Task brief. Transcribe the full listing without changing a word, and omit its pictures.

Data excerpt.
+-------+
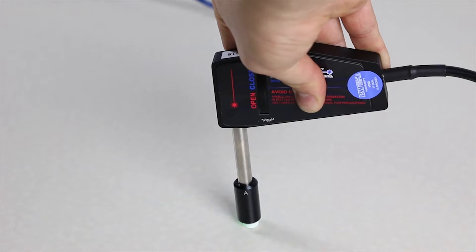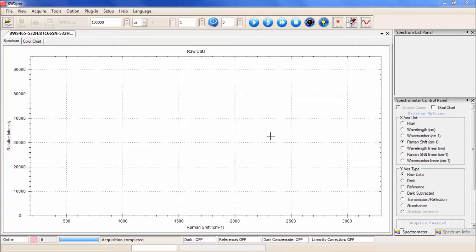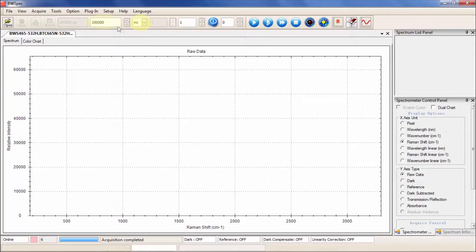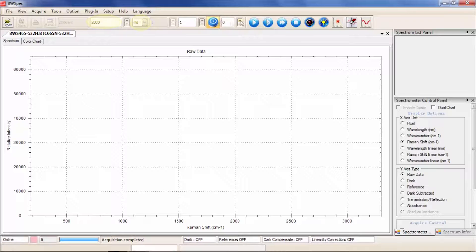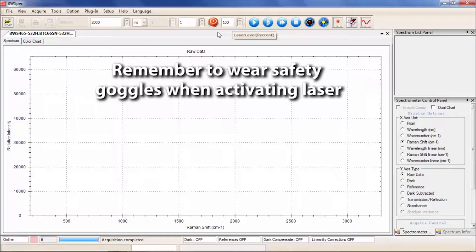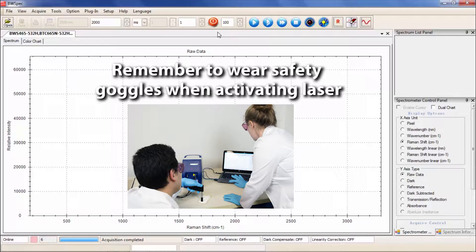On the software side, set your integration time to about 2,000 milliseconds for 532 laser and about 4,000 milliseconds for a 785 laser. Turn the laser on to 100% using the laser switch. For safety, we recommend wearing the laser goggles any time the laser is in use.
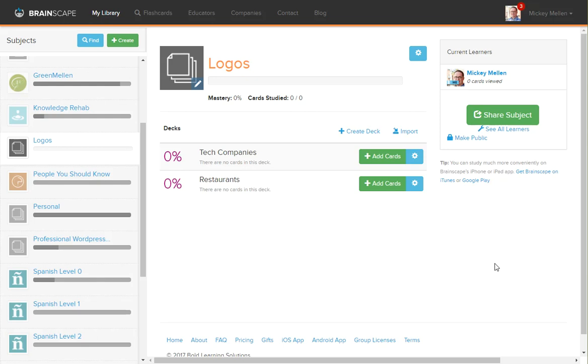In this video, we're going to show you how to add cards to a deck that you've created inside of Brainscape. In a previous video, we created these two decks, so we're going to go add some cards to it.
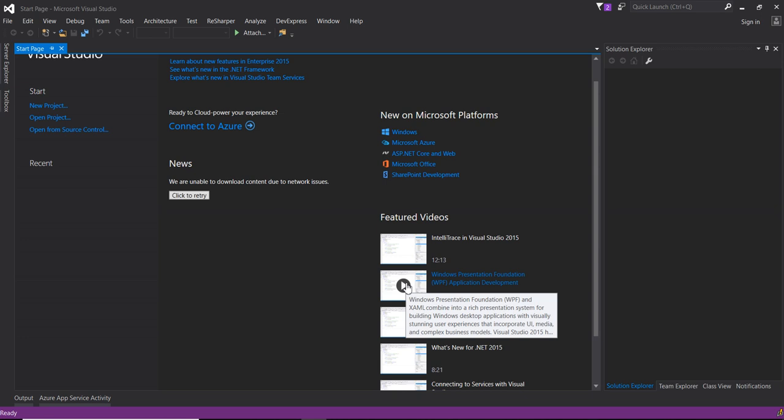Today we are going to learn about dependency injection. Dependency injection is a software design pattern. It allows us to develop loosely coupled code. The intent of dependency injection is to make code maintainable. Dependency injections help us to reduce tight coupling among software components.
+-------+
Your response.
On the software side, set your integration time to about 2,000 milliseconds for 532 laser and about 4,000 milliseconds for a 785 laser. Turn the laser on to 100% using the laser switch. For safety, we recommend wearing the laser goggles any time the laser is in use.
In this video, we're going to show you how to add cards to a deck that you've created inside of Brainscape. In a previous video, we created these two decks, so we're going to go add some cards to it.
Today we are going to learn about dependency injection. Dependency injection is a software design pattern. It allows us to develop loosely coupled code. The intent of dependency injection is to make code maintainable. Dependency injections help us to reduce tight coupling among software components.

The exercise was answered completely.